A CEO's guide to Disaster Recovery
A few years ago, I got a call at 3:01am. My guess was that lottery winners only get informed during office hours, so I was expecting bad news! Sure enough, our primary data centre site had gone off-line due to a major power failure. This had taken down both primary and backup power feeds, so recovery was going to take some time. That primary site had been set up with a fault tolerant, high availability (HA) setup with dual servers. However, in this case the entire data centre had failed, so we were beyond normal HA. It is this type of scenario that people normally call on their Disaster Recovery setup.

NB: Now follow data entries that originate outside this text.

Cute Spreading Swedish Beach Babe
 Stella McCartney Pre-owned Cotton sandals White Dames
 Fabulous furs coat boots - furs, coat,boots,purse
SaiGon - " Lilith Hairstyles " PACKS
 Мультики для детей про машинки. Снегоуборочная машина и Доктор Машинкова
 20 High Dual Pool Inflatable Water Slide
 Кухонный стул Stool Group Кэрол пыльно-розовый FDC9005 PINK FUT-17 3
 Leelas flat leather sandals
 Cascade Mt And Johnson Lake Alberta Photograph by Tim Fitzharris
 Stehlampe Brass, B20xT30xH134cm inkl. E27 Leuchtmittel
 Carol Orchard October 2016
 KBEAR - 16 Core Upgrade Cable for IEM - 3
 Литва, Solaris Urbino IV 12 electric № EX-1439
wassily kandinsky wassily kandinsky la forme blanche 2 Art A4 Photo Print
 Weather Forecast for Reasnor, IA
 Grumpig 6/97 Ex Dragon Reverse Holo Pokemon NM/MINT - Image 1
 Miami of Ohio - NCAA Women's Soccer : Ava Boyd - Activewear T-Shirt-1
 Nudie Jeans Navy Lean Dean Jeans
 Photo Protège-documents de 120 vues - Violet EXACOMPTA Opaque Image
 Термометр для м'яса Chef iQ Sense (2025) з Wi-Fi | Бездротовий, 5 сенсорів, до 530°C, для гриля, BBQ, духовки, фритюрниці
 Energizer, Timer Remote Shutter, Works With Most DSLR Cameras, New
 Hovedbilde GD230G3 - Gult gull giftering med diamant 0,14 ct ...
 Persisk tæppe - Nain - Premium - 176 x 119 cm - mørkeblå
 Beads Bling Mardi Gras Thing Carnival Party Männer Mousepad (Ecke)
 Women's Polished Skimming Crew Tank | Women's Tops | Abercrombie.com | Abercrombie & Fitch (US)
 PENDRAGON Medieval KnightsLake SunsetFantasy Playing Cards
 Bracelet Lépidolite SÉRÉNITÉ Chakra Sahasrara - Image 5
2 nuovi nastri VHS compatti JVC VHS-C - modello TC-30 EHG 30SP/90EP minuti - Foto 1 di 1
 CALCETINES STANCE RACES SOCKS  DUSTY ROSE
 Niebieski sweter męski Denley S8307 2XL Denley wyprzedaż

The company ran critical systems for thousands of customers, so of course we had a plan. We failed over to our 2nd data centre site which was automatically kept up to date using database synchronisation. All would have been fine, but then two hard disk failures took down another server. Thankfully the second server at that site continued to operate, so we kept all systems online for customers. However, the only thing between us and customer facing data loss was the final working server plus the extra backup server I had set up as an additional protection for DR. Despite this It was a stressful night.
This was a well architected setup with multiple levels of fault tolerance, but circumstances had blown through several layers in quick succession:
- Primary site server A - taken out due to data centre power failure
- Primary site server B - taken out due to the same data centre power failure
- Secondary site server A - taken out due to 2 hard disk failures
- Secondary site server B - continued to operate
- Backup server C - continued to operate
Imagine sitting down with your PR or communications team drafting a statement to customers. Which of these two scenarios would you prefer not to face:
A) a brief service outage; or
B) a brief outage, but having lost some customer transactions…irrecoverably!
It’s one thing having service interruption, but quite another facing the prospect of losing any customer data. Whether IT forms part of your product or server, or is a support function to your main business, customers quite rightly need to be able to trust your business. Whereas a service interruption might be annoying for customers, losing their data will certainly hurt your customer retention numbers.
If DR were simply an insurance policy, then the payback would be to save you time on getting systems back up and running, but once you have considered the cost of damage to reputation or brand, you might reassess the risk and business impact of failure. When planning DR expenditure, think this through and make sure you fully understand the potential risks and are comfortable they are appropriate. It’s easy to believe you have this covered because you spent the money on a backup server, but make sure it is protecting you for your worst case scenario.